In quantum mechanics, the energy eigenvalues of the Schrödinger equation are always real numbers for normalizable states. This isn’t an axiom, but rather follows directly from demanding that probability is conserved.
Suppose an energy eigenvalue were complex: \(E = E_0 + i\Gamma\). A stationary state with this energy evolves as:
$$\Psi(x,t) = \psi(x)\,e^{-iEt/\hbar} = \psi(x)\,e^{-iE_0 t/\hbar}\,e^{\Gamma t/\hbar}$$
The first exponential is a phase – its modulus is 1, so it drops out when we compute the probability density \(|\Psi|^2\). The second term will remain. Normalization requires:
$$\int dx\,|\Psi|^2 = e^{2\Gamma t/\hbar}\int dx\,|\psi|^2 = 1$$
for all time. The integral \(\int|\psi|^2\) is a positive constant. For the product to equal 1 at all times, we need \(\Gamma = 0\). Therefore \(E\) is real.
If energy had an imaginary part, probability would either grow or decay exponentially – states would spontaneously appear or vanish. The real-valuedness of energy is a consequence of the conservation of probability, not an independent postulate.

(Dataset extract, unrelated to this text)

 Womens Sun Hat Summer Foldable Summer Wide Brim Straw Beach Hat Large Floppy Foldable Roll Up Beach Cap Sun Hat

It is worth unpacking what “normalization” actually means here, because the proof hinges on it. A state is normalizable when \(\int|\psi|^2\,dx\) converges to a finite number. Physically, this means the particle is somewhere – it may be spread over a large region, but not infinitely so. The probability of finding it somewhere in all of space is 1. A bound electron in a hydrogen atom is normalizable. A free electron described by a plane wave \(e^{ikx}\) is not – it extends uniformly across all space, and the integral diverges (although in this case, the state still has real energy).

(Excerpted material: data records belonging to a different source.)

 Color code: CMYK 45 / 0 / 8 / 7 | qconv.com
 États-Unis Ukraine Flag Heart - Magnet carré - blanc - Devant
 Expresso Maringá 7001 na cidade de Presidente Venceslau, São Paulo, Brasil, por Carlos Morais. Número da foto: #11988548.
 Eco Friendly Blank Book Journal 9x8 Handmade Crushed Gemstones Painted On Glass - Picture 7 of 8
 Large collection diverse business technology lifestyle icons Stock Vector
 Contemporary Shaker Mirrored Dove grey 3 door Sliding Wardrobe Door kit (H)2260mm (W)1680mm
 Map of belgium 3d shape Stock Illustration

So the proof is really saying: if a quantum state represents a persistent object with conserved total probability, then its energy must be real. The converse is where it gets interesting. In scattering theory and nuclear physics, we relax our requirements on the conservation of probability to allow for decaying objects. These unstable resonances are described by complex energies, where \(\Gamma\) is the decay width. Their probability does decay over time, which is the whole point. The proof does not forbid complex energies in general; it forbids them for states that persist.